Pickled Habanero and Red Onion

Handmade Corn Tortillas

Preparation

Preparation of Pork

1. Marinate the Pork

In a mixing bowl, combine achiote paste, orange juice, lime juice, minced garlic, salt, and black pepper. Mix well until smooth. Rub the marinade all over the pork shoulder, ensuring it's evenly coated. Cover and refrigerate for at least 24 hours.

2. Prepare for Braising

Remove the marinated pork from the refrigerator and let it come to room temperature. Preheat the oven to 150°C (300°F).

3. Wrap the Pork

Lay out the banana leaves on a large sheet of aluminum foil.
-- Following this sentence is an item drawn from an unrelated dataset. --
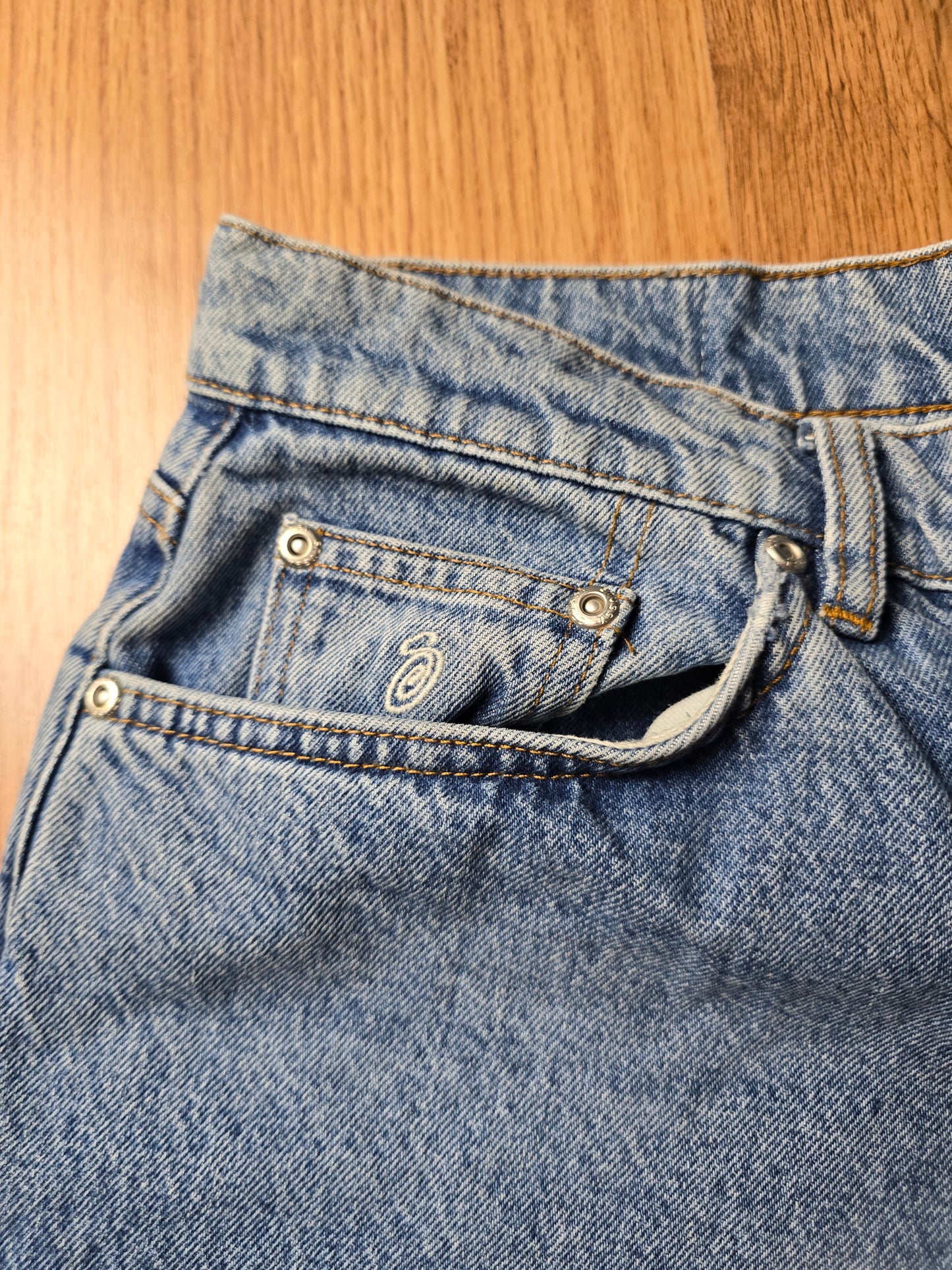 Stussy Big Ol' Oversized Denim Jeans (32-34x32)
Place the pork in the center of the banana leaves and wrap it tightly. Cover with aluminum foil.

Braising the Pork

4. Braise the Pork

Place the wrapped pork in a deep roasting pan. Add about 1 cup of water to the bottom of the pan. Cover the pan tightly with foil and braise in the preheated oven for about 4-5 hours, until the pork is tender and easily shredded.

Pickling Onions and Habaneros

5. Prepare Pickling Liquid

In a small saucepan, combine vinegar, water, sugar, and salt. Bring to a boil, stirring until the sugar and salt dissolve. Remove from heat.

6. Pickle the Vegetables

Place the sliced habanero peppers and red onion in a jar. Pour the hot pickling liquid over the vegetables. Let them cool, then seal the jar and refrigerate for at least 1 hour before serving.

Cooking Arroz Rojo

7. Sauté Vegetables

In a pot, heat vegetable oil over medium heat. Add diced onion and minced garlic, sauté until softened.

8. Cook the Rice

Add the chopped tomato and rice to the pot, stirring to coat the rice with the oil. Add chicken broth and salt. Bring to a boil, then reduce heat to low, cover, and simmer for 20 minutes or until the rice is cooked.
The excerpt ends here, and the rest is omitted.